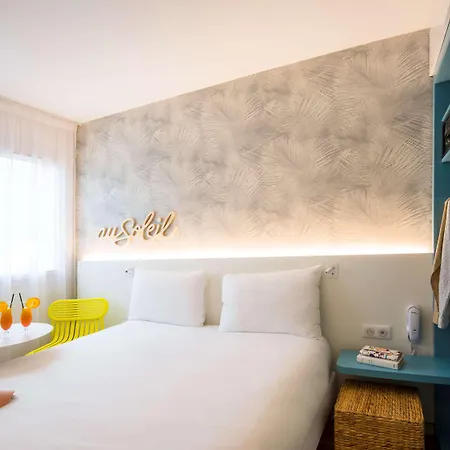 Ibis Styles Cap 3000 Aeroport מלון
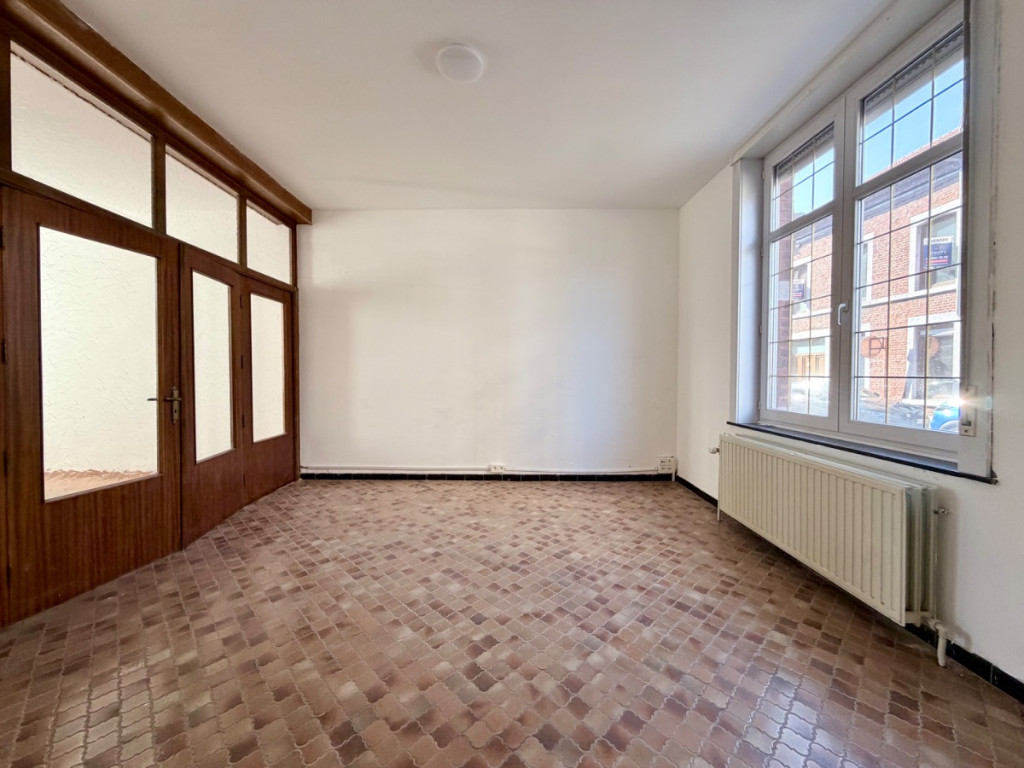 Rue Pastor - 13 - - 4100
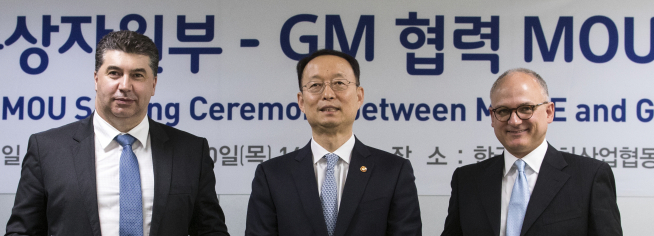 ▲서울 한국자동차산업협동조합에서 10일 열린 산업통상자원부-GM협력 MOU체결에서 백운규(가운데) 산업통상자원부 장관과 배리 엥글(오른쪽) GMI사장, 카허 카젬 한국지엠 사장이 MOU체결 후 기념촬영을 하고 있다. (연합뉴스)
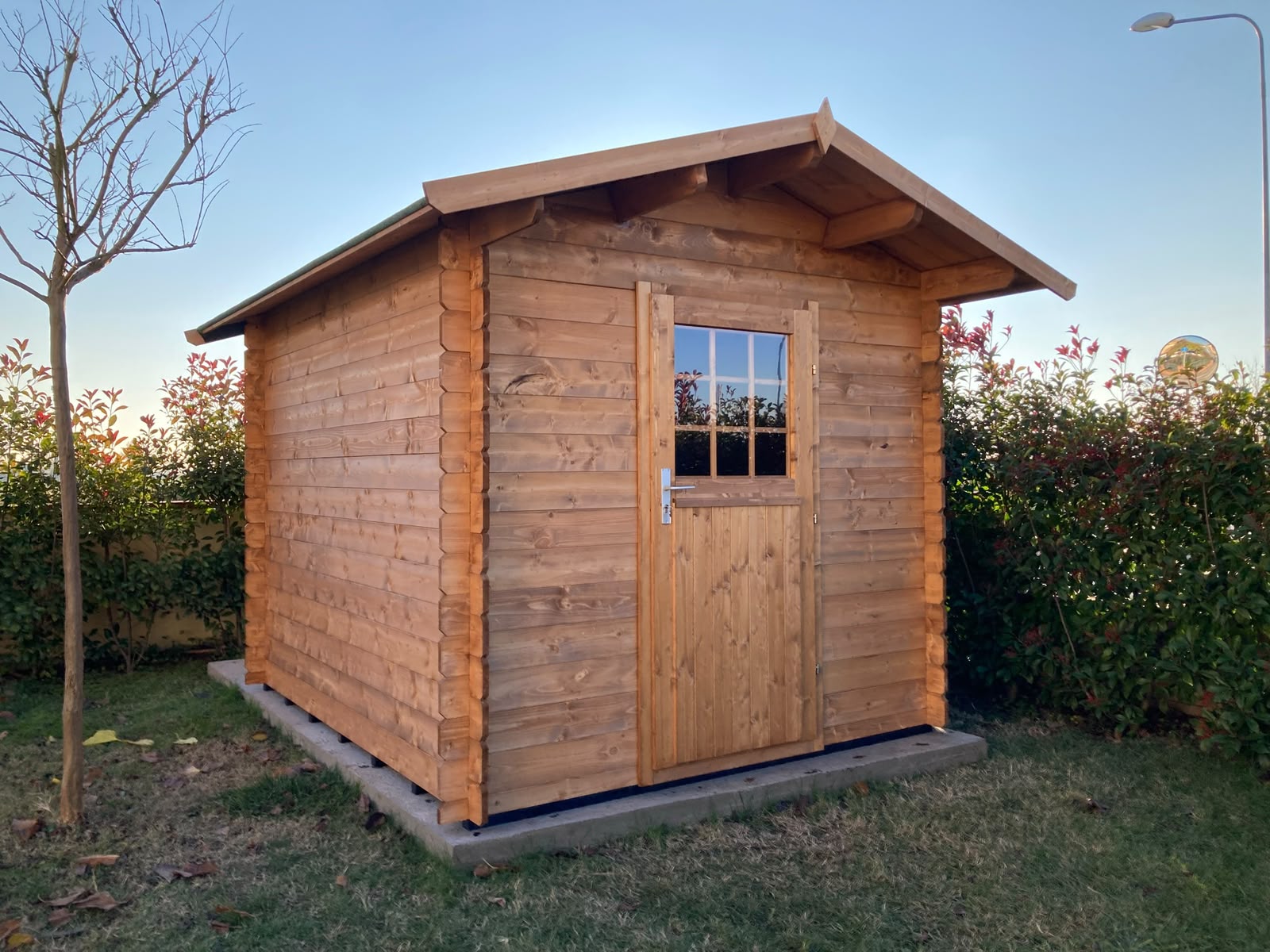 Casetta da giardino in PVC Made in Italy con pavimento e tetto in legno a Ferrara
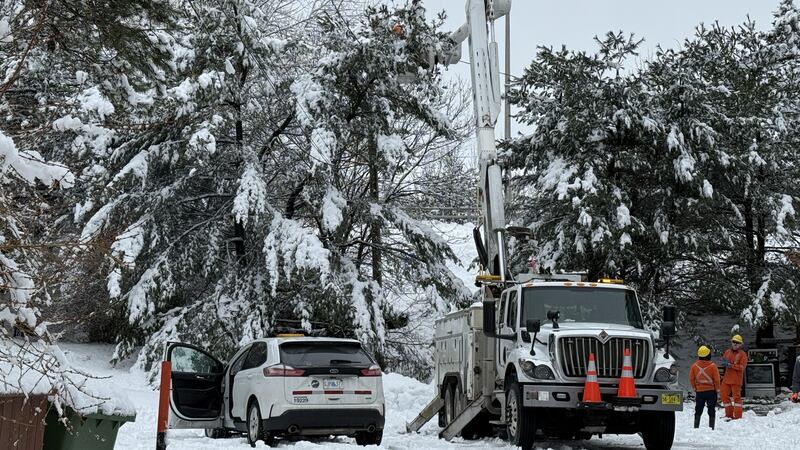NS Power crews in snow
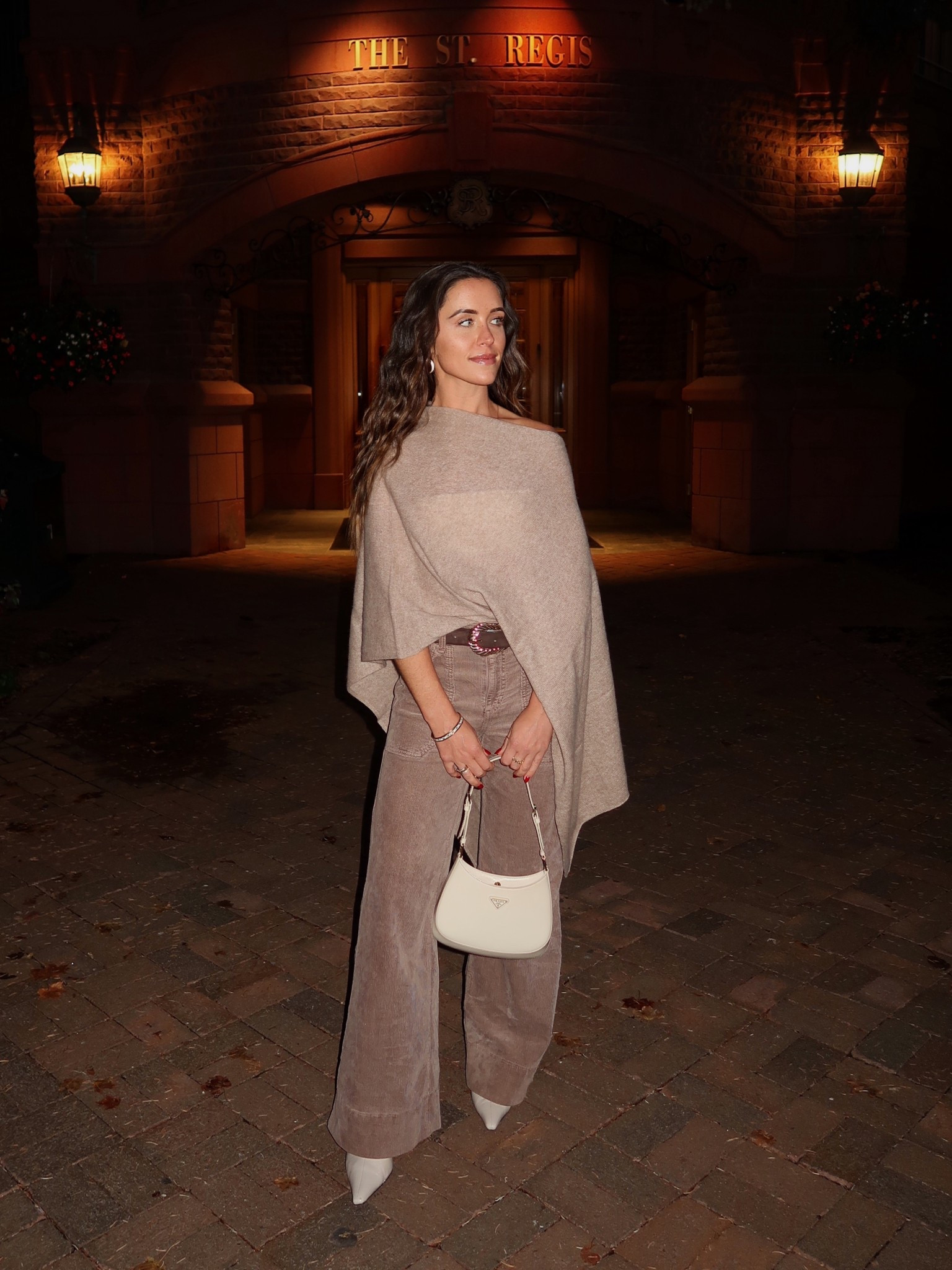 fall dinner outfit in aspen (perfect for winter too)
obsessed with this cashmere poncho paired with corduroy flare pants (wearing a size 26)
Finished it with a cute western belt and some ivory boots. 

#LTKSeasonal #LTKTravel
...
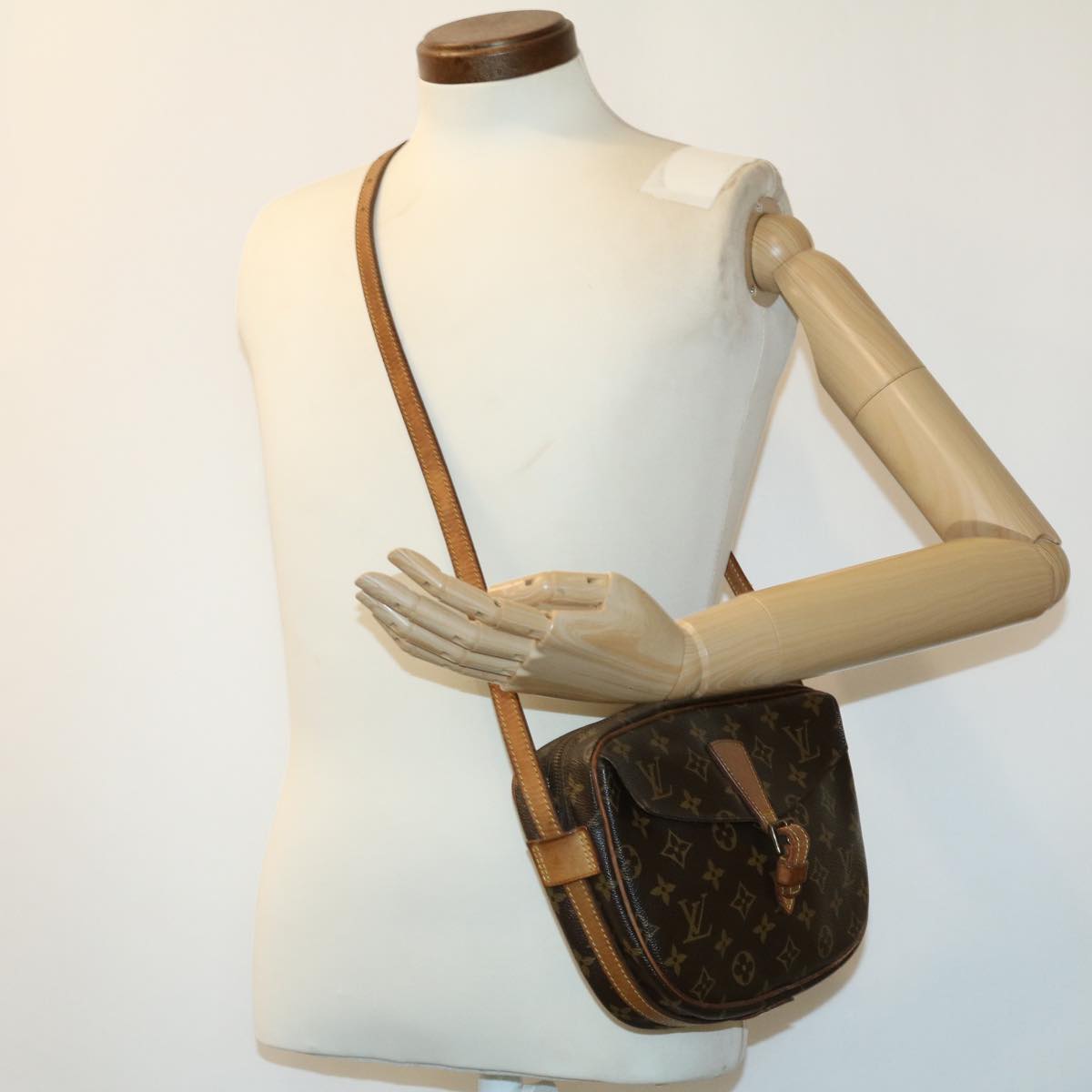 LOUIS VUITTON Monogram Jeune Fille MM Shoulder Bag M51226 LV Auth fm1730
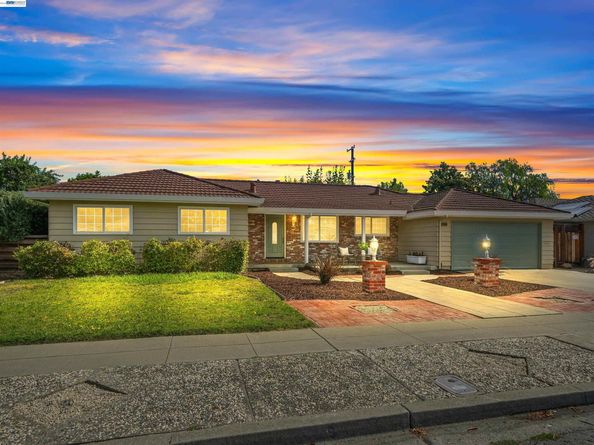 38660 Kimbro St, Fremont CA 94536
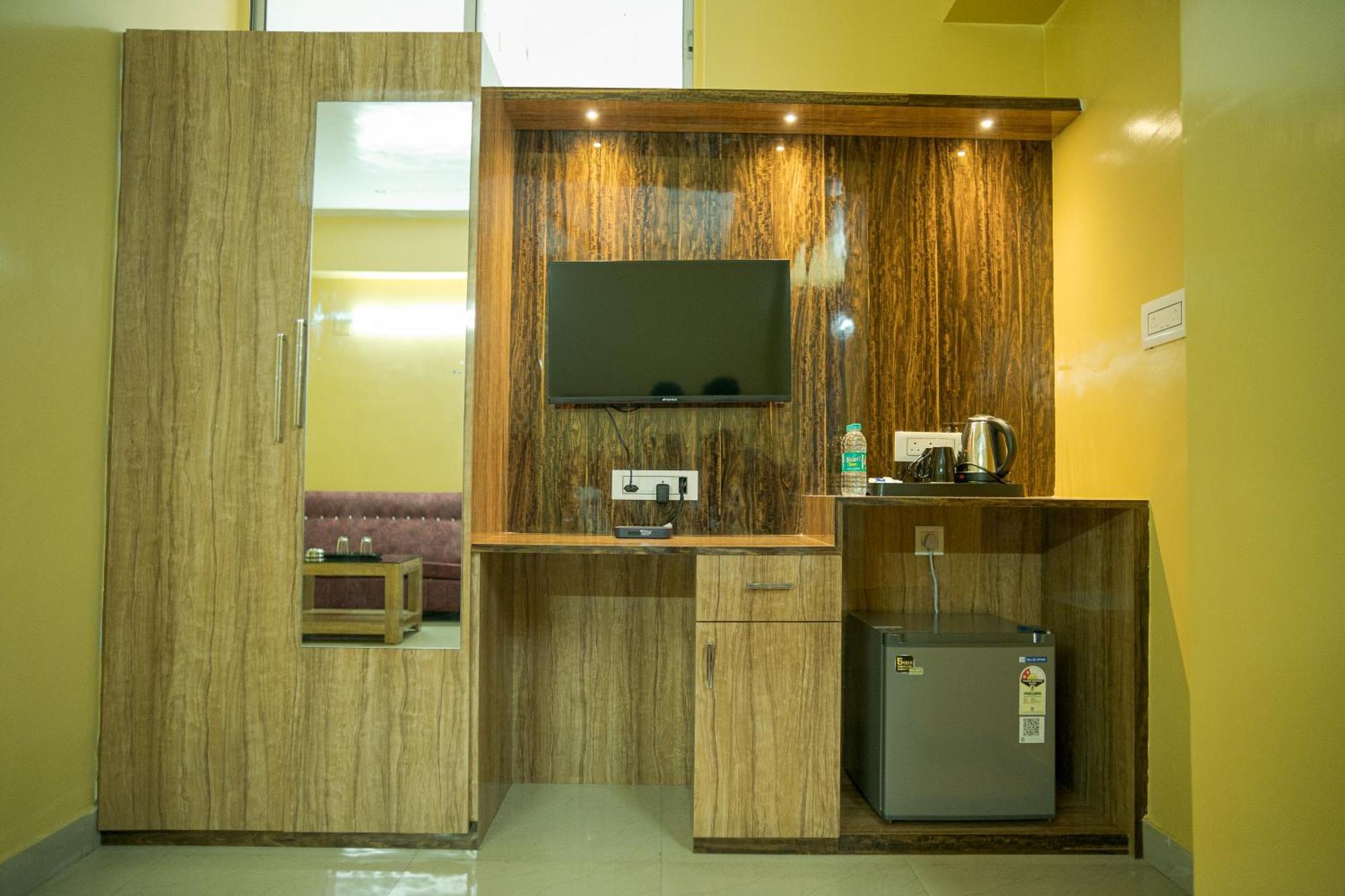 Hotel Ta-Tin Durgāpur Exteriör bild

= WORK REQUEST =
Print, exactly, each line above from the one with "fall dinner outfit" to the one with "#LTKSeasonal #LTKTravel", end lines included. Leave pictures out of it.

= ANSWER FOR THE TASK =
 fall dinner outfit in aspen (perfect for winter too)
obsessed with this cashmere poncho paired with corduroy flare pants (wearing a size 26)
Finished it with a cute western belt and some ivory boots. 

#LTKSeasonal #LTKTravel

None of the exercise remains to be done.